▶ Task instructions
Your copy of the entries below should hold exactly the lines from the one containing "AMS52 meteor" to the one containing "Tubo de admissão", inclusive, and no pictures.

Source records
<<<<

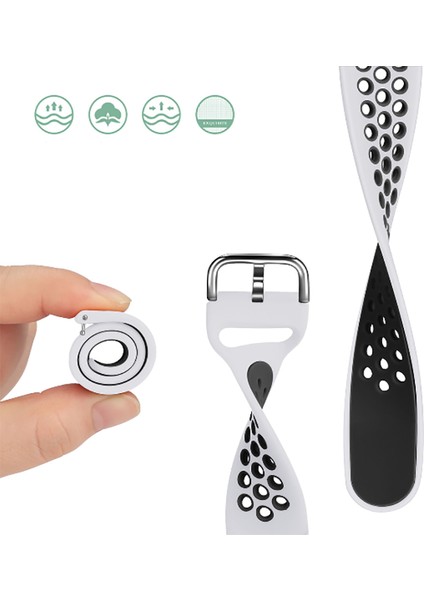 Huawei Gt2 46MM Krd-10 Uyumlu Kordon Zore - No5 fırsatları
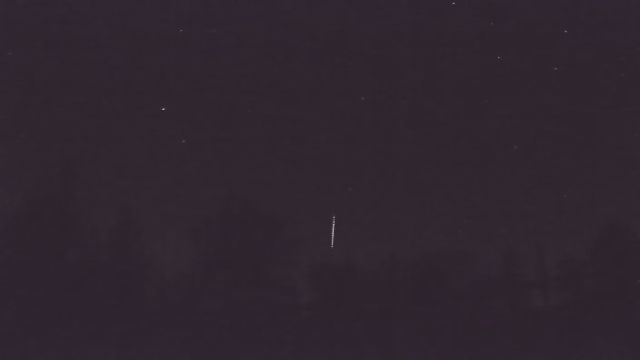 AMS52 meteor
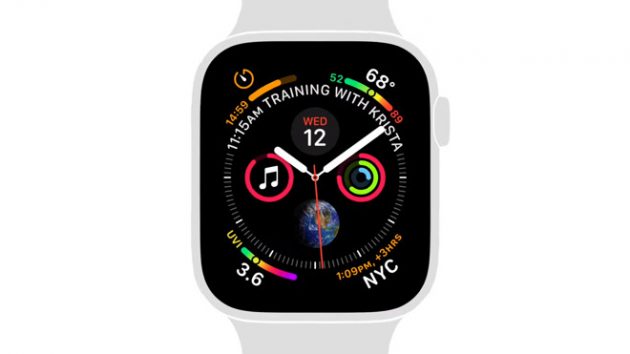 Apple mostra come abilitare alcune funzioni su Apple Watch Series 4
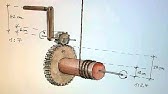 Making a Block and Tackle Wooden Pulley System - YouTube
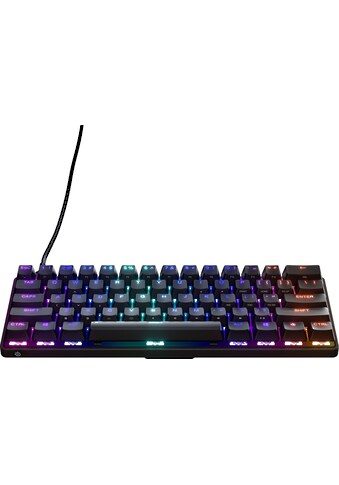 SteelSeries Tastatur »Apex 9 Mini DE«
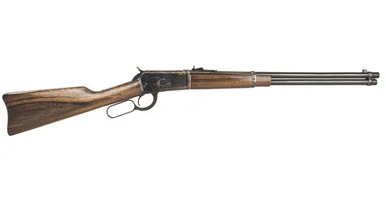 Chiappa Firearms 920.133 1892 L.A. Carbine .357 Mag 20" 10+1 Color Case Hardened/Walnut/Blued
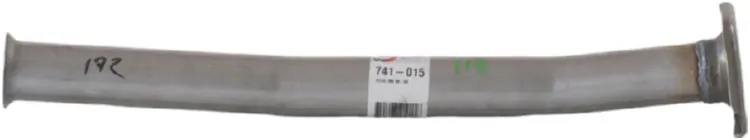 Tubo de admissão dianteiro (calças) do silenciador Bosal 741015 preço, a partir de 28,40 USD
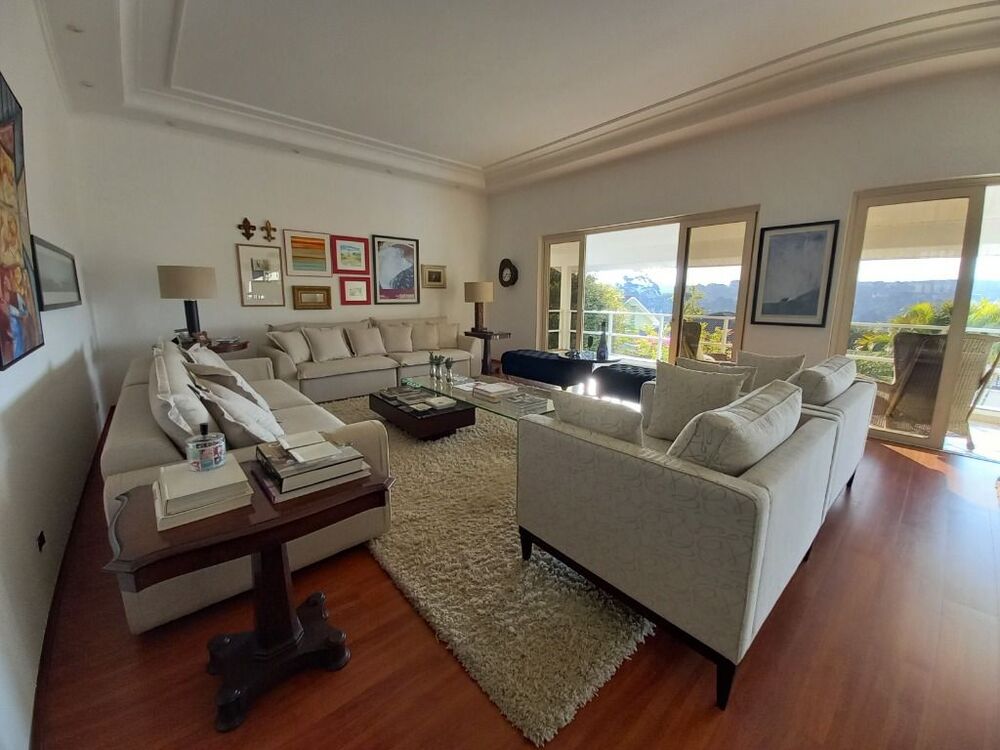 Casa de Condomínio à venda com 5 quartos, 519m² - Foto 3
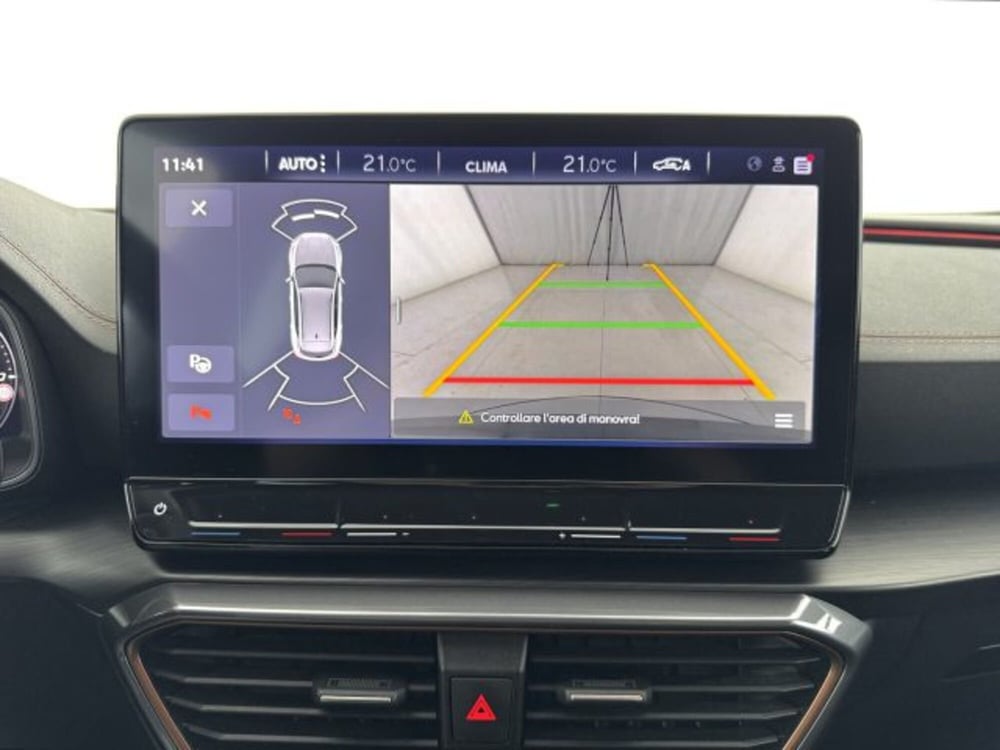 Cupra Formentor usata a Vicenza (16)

>>>>

▶ Exercise solution
 AMS52 meteor
 Apple mostra come abilitare alcune funzioni su Apple Watch Series 4
 Making a Block and Tackle Wooden Pulley System - YouTube
 SteelSeries Tastatur »Apex 9 Mini DE«
 Chiappa Firearms 920.133 1892 L.A. Carbine .357 Mag 20" 10+1 Color Case Hardened/Walnut/Blued
 Tubo de admissão dianteiro (calças) do silenciador Bosal 741015 preço, a partir de 28,40 USD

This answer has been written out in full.